[DATA SUPPLIED — start]
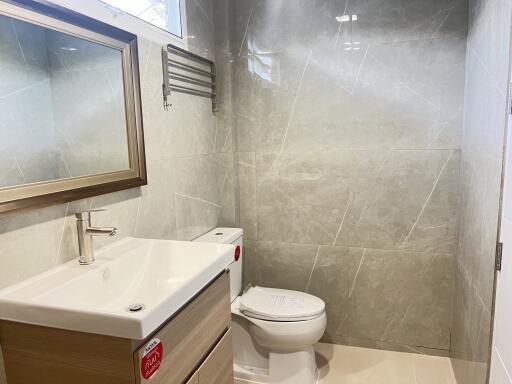 Modern bathroom with sleek gray tiles, mirror, and vanity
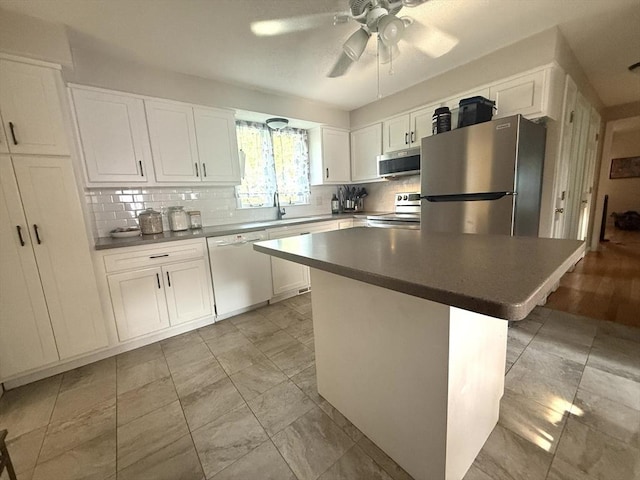 6 Gates St, Monson, MA 01057 - kitchen with appliances with stainless steel finishes, a ceiling fan, tasteful backsplash, white cabinets, and a center island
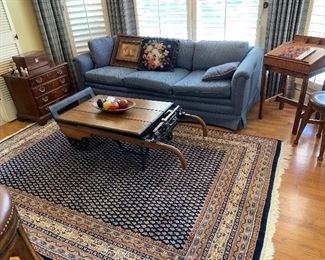 Clockwise: 7 ft. Blue Damask sofa, Antique Oak child's desk,  Hands of Wycombe Stool, Antique Renfrew mercantile cart & grain scale coffee table of solid wood and cast iron on a approx 6' x 9' Indian Mir/ Saraband rug, 50 years old & exc condition. 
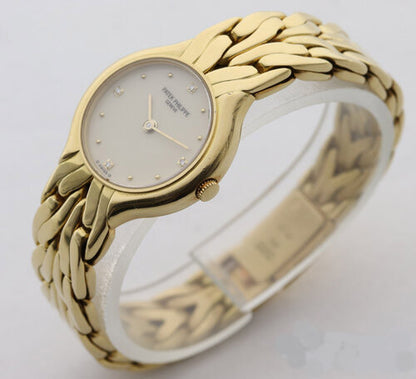 Patek Philippe La Flamme Ladies 18ct Yellow Gold 23mm Diamond Dial Quartz Watch, off-white/cream dial, four diamond hour markers, 18ct yellow gold bracelet with small fold-over clasp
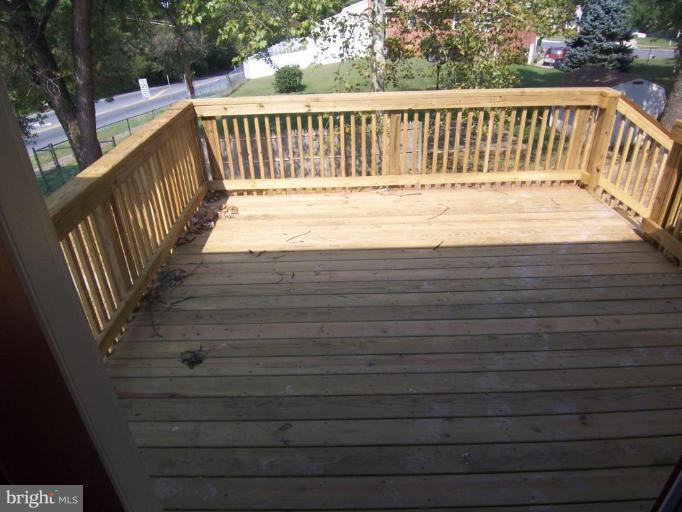 2400 Kingsway Road Fort Washington, MD 20744 - Photo 7 of 15 a view of deck and wooden floor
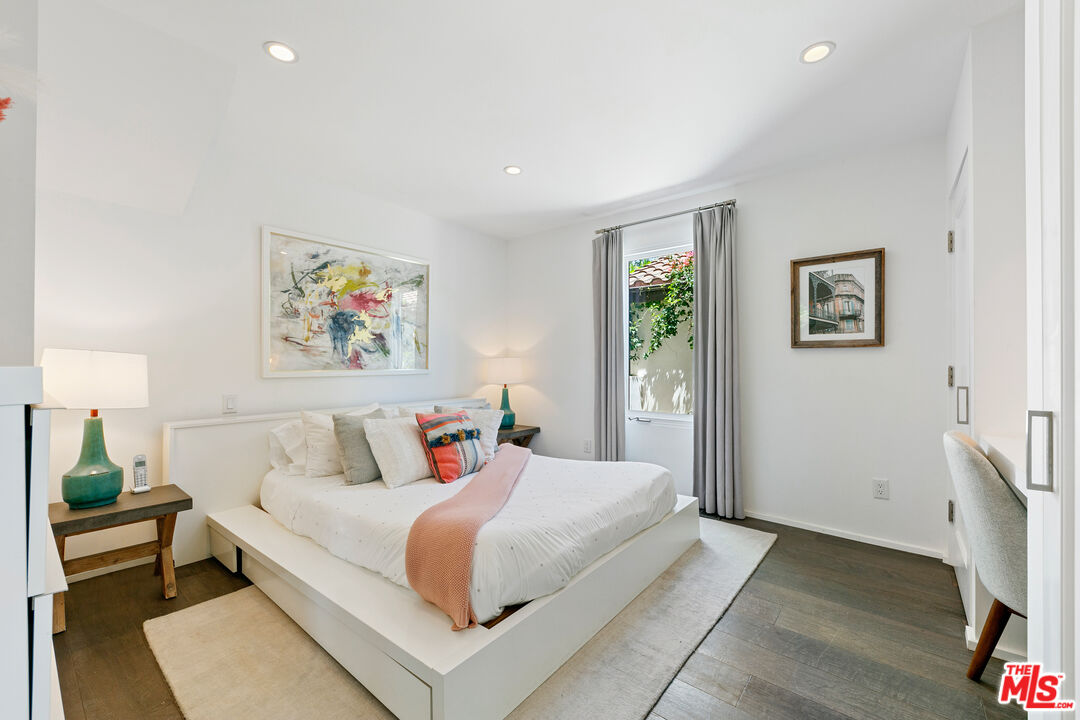 27450 Calicut Road Malibu, CA 90265 - Photo 51 of 59 a bedroom with a bed and a painting on the wall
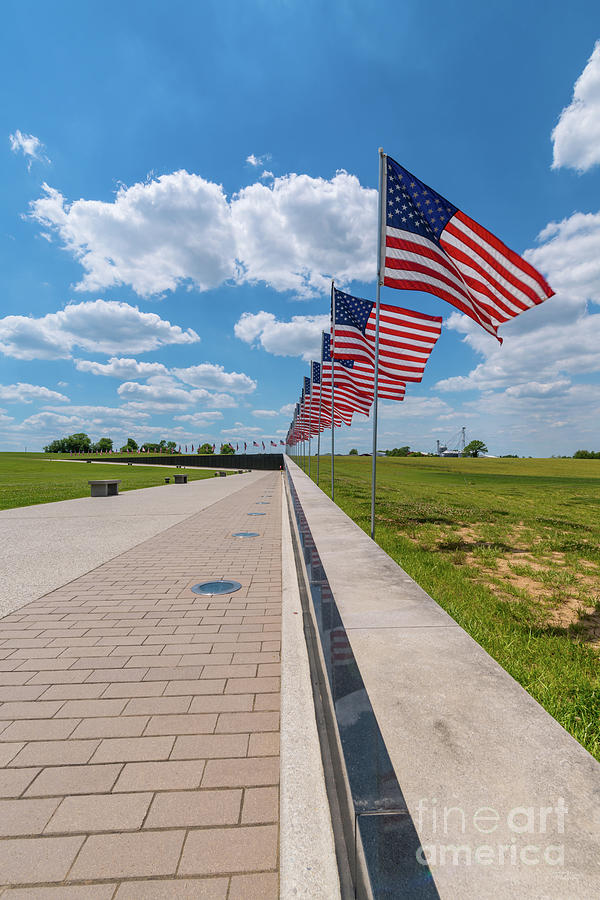 Flags over MO Veterans Memorial Vietnam Wall Photograph by Jennifer White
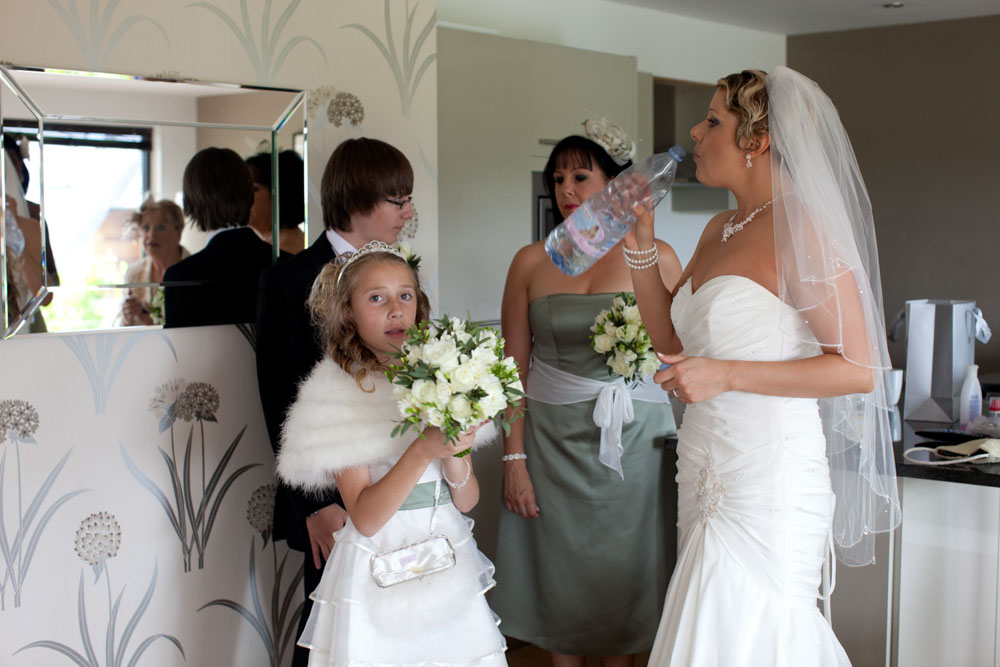 Bride drinks from bottled water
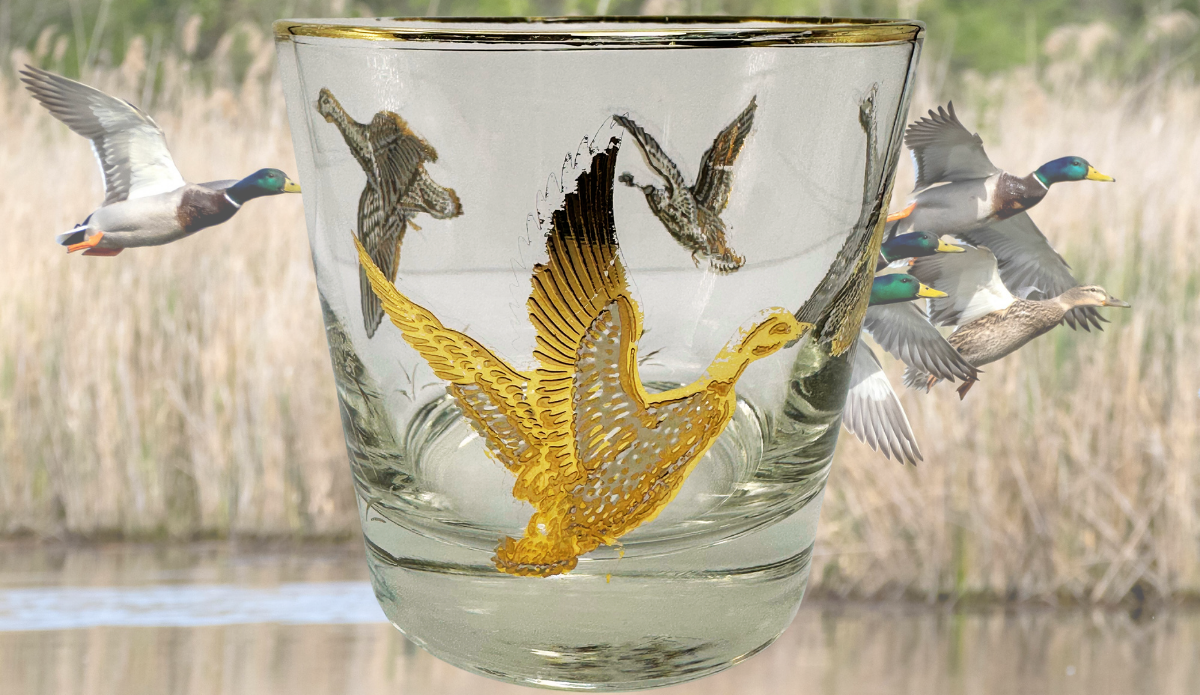 Vintage Game Bird Whiskey Glass displayed in a marsh scene with flying ducks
[DATA SUPPLIED — finish]
THE TASK:
Set down the entire material verbatim, with each picture left out.

EXERCISE ANSWER:
 Modern bathroom with sleek gray tiles, mirror, and vanity
 6 Gates St, Monson, MA 01057 - kitchen with appliances with stainless steel finishes, a ceiling fan, tasteful backsplash, white cabinets, and a center island
 Clockwise: 7 ft. Blue Damask sofa, Antique Oak child's desk,  Hands of Wycombe Stool, Antique Renfrew mercantile cart & grain scale coffee table of solid wood and cast iron on a approx 6' x 9' Indian Mir/ Saraband rug, 50 years old & exc condition. 
 Patek Philippe La Flamme Ladies 18ct Yellow Gold 23mm Diamond Dial Quartz Watch, off-white/cream dial, four diamond hour markers, 18ct yellow gold bracelet with small fold-over clasp
 2400 Kingsway Road Fort Washington, MD 20744 - Photo 7 of 15 a view of deck and wooden floor
 27450 Calicut Road Malibu, CA 90265 - Photo 51 of 59 a bedroom with a bed and a painting on the wall
 Flags over MO Veterans Memorial Vietnam Wall Photograph by Jennifer White
 Bride drinks from bottled water
 Vintage Game Bird Whiskey Glass displayed in a marsh scene with flying ducks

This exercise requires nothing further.